EXERCISE DIRECTIONS: Where in the records does the word "slip" appear? Copy each line that holds it.
───── SUPPLIED ENTRIES ─────
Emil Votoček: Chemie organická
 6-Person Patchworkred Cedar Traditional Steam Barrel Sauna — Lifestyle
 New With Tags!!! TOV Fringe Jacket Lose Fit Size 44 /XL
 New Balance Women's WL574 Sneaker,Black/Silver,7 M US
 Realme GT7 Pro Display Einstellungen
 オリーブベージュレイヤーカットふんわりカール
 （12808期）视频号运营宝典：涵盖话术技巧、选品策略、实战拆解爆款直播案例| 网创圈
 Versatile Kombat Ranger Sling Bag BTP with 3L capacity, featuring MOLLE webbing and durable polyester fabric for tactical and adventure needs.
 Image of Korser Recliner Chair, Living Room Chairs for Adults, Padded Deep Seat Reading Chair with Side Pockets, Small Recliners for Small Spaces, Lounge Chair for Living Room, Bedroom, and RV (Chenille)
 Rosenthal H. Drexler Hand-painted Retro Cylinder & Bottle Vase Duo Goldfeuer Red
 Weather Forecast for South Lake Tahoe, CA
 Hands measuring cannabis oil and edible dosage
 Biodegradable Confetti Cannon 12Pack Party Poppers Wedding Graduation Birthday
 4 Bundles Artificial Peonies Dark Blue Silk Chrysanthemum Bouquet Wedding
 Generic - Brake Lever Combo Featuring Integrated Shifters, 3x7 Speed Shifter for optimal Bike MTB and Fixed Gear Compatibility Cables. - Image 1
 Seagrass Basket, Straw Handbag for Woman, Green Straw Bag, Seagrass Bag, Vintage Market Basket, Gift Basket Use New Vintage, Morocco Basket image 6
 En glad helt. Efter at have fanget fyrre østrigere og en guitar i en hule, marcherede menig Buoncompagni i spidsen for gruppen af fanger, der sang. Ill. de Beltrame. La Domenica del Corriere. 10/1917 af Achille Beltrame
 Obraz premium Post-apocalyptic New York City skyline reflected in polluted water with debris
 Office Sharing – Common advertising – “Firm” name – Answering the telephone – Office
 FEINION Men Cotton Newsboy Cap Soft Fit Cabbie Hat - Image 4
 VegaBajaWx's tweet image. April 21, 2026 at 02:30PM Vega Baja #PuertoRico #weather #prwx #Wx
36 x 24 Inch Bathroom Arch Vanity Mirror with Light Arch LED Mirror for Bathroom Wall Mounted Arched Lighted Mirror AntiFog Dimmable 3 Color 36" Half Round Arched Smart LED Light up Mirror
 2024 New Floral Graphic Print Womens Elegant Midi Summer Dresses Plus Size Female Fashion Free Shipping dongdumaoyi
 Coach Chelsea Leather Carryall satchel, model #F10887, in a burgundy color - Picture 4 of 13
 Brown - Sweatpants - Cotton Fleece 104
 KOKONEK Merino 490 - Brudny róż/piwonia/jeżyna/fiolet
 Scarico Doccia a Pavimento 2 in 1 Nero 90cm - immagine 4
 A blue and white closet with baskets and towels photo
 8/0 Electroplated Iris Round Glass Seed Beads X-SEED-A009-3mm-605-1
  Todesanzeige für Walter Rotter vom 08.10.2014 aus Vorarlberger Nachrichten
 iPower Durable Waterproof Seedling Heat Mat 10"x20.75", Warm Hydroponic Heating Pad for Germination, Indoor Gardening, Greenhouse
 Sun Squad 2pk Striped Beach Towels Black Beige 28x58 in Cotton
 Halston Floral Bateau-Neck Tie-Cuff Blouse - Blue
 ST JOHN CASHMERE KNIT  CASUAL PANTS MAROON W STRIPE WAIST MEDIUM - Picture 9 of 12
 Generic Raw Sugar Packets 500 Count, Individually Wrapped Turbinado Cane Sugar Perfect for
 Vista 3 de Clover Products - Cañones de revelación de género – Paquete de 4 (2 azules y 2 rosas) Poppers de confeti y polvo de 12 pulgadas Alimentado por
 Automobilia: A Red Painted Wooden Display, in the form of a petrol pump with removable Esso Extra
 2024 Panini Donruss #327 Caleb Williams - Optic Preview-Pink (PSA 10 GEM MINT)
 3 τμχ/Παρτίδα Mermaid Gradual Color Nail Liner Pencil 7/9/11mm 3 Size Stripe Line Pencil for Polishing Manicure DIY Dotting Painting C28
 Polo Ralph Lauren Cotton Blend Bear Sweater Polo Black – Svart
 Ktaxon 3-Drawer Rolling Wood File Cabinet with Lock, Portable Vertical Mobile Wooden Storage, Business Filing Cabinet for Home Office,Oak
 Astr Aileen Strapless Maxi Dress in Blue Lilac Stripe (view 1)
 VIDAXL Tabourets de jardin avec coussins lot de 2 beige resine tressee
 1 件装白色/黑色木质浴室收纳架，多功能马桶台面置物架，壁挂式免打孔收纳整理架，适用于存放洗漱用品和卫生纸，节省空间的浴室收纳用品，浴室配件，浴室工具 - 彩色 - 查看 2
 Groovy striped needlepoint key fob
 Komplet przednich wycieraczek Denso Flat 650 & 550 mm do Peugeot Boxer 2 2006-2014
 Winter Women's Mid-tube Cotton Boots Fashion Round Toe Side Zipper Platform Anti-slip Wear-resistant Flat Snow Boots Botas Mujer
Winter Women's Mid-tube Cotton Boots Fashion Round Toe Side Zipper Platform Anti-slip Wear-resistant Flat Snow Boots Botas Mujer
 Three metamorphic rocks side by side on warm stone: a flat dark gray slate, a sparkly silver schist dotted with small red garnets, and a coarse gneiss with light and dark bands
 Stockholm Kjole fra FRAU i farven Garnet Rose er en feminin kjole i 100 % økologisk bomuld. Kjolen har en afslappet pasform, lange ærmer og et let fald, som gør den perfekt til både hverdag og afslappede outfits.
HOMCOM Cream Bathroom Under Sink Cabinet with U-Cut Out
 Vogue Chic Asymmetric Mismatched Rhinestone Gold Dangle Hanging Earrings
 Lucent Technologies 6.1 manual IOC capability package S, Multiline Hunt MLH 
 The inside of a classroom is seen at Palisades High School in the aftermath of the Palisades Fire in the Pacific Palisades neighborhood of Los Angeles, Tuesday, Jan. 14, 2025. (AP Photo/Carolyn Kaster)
─────
RESPONSE TO THIS EXERCISE:
 Winter Women's Mid-tube Cotton Boots Fashion Round Toe Side Zipper Platform Anti-slip Wear-resistant Flat Snow Boots Botas Mujer
Winter Women's Mid-tube Cotton Boots Fashion Round Toe Side Zipper Platform Anti-slip Wear-resistant Flat Snow Boots Botas Mujer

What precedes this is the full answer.